So reihen sich vorzugsweise Variationen altbekannten Begegnungen aneinander, erfüllend ist das Geschehen aber bloß in den seltensten Augenblicken, was auch daran liegt, dass der erste Akt des Films der beste ist. Hier befinden sich die einzelnen Elemente noch im Einklang, bevor der Film zunehmend an Identität verliert, weil er hauptsächlich damit beschäftigt ist, seine Geschichte zu Hans Zimmers Pauken voranzutreiben. Die emotional zerreißende Kraft von John Ottmans X-Men: Apocalypse-Kompositionen fehlt hier komplett. Das letze große Set piece, ein rasender Zug, kann zumindest noch einmal mit furioser Bewegung punkten. Für ein überwältigendes Finale reicht es trotzdem nicht. Viel mehr fühlt sich Dark Phoenix wie eine kleine Episode in diesem riesigen Franchise an, die irgendwo zwischen zwei größeren Abenteuern steht.
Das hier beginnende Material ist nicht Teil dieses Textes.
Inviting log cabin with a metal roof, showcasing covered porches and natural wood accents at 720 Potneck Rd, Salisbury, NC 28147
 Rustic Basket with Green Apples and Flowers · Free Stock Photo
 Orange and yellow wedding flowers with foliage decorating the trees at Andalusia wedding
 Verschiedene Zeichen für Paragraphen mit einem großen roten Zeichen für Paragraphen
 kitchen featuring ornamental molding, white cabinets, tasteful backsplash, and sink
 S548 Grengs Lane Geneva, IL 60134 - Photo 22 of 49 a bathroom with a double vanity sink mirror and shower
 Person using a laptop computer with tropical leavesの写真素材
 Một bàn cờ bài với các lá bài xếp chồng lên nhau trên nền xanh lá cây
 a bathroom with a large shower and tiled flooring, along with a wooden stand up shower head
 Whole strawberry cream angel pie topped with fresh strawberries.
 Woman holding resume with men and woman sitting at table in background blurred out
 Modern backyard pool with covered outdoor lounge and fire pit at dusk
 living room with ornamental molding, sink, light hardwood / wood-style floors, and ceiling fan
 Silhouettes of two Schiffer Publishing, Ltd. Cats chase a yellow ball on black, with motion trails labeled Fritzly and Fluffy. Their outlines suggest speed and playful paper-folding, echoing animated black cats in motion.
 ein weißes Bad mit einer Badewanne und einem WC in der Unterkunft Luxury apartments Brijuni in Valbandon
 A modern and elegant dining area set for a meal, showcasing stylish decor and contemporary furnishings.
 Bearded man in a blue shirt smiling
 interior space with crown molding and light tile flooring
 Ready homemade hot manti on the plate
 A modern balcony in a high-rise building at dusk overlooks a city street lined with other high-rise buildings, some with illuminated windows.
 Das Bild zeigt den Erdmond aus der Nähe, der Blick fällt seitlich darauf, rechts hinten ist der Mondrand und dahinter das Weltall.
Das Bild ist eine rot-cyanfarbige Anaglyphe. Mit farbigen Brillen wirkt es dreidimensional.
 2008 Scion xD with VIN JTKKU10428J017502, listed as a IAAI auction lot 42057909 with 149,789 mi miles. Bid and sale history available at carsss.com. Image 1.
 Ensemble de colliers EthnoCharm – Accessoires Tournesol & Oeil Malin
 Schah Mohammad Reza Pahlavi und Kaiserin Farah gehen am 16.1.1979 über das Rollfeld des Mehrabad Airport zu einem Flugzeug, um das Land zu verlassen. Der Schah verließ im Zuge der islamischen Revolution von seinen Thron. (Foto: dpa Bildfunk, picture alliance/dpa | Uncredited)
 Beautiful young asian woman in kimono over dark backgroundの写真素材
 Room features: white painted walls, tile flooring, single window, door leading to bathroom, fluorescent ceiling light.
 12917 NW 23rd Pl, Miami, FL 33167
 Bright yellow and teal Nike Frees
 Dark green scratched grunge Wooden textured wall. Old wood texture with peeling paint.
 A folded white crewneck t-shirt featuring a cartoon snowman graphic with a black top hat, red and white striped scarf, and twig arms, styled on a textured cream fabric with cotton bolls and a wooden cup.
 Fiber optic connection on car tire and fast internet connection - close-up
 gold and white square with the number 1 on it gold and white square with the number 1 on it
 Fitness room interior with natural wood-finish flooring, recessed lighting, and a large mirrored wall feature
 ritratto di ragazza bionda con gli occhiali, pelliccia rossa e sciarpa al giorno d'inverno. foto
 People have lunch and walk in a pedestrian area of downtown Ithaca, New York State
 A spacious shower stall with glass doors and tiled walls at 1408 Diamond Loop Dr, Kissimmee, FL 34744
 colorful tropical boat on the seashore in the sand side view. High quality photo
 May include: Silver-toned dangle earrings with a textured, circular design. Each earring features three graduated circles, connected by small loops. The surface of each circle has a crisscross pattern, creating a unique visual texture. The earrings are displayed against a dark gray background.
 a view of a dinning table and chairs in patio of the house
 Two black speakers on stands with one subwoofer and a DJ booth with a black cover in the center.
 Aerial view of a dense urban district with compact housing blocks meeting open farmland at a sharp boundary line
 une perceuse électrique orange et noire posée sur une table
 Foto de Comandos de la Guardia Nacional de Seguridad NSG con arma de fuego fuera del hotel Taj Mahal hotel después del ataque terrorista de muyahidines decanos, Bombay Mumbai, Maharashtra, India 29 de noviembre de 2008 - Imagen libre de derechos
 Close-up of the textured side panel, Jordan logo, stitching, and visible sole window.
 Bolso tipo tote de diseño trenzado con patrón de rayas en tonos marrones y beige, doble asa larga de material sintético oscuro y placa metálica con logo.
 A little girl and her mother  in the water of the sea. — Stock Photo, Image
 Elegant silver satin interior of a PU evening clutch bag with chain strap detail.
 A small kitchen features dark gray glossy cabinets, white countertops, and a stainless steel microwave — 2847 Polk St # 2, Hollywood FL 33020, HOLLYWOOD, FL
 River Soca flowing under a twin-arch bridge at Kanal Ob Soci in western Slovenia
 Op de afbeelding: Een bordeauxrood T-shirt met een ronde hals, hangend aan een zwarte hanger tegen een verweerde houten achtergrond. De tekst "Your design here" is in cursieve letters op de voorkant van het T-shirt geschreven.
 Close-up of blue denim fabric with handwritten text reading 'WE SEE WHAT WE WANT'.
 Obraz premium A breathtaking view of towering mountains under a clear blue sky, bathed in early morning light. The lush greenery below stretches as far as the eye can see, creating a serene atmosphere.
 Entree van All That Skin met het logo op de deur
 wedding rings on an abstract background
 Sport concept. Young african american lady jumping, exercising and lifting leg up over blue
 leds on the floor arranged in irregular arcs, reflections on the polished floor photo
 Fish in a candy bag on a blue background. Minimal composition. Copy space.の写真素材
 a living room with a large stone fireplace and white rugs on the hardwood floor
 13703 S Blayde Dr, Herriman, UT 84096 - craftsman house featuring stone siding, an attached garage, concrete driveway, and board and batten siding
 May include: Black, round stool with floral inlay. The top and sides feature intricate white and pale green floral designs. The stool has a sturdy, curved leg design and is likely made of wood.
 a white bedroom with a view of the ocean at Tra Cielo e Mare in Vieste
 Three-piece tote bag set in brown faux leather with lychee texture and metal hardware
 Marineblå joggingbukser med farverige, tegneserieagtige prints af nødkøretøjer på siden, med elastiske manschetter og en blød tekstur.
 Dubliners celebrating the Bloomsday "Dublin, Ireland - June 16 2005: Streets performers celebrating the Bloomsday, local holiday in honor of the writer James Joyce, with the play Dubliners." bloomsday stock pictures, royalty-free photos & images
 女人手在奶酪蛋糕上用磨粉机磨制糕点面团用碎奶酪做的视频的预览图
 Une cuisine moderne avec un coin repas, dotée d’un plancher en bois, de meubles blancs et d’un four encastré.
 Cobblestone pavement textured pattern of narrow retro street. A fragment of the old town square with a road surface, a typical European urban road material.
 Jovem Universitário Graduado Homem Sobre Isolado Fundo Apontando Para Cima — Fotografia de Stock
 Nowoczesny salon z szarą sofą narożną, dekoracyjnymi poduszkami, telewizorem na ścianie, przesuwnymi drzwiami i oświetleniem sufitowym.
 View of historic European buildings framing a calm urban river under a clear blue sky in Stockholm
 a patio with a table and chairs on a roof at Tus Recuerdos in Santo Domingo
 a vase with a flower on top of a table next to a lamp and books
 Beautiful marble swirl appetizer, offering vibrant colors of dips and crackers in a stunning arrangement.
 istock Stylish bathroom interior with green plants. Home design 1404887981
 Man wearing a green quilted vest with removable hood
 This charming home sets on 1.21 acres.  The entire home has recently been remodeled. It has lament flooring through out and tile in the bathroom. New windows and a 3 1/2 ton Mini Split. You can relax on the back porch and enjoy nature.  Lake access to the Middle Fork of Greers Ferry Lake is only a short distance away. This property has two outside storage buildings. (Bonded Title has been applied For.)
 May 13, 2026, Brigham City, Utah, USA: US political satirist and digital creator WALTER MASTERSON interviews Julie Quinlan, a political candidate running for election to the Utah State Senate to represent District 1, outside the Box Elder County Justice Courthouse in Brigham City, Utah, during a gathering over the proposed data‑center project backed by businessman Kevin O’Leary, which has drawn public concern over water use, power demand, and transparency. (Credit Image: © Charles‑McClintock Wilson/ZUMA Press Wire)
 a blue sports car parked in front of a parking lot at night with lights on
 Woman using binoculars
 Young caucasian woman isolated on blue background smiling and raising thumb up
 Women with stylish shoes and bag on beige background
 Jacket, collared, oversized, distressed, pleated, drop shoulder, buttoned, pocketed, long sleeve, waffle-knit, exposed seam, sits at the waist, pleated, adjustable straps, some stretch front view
Enttäuscht Dark Phoenix als finaler Paukenschlag, versteckt sich zumindest zwischen den Zeilen des ungelenken Drehbuchs einige berührende Momente, die nicht nur von den Schauspielern zehren, sondern ebenso davon, dass wir bestimmte Figuren nun schon einer ganzen Weile folgen. Michael Fassbenders Magneto gehört da etwa dazu, genauso wie Nicholas Hoults Biest, der bisher zwar eher der zweiten Reihe angehörte, gerade im Zusammenspiel mit James McAvoy durchaus ein Gefühl für die am Kliff der Realität zerschellenden Träume und Visionen herüberbringt. Auch Jennifer Lawrence hält das Team mit ihrer Mystique zusammen, während Sophie Turner Jean Greys Zerrissenheit intensiv auf die Leinwand bannt. Die erschütternde Endgültigkeit, mit der sich Logan von Wolverine verabschiedet, erreicht Dark Phoenix trotzdem nie.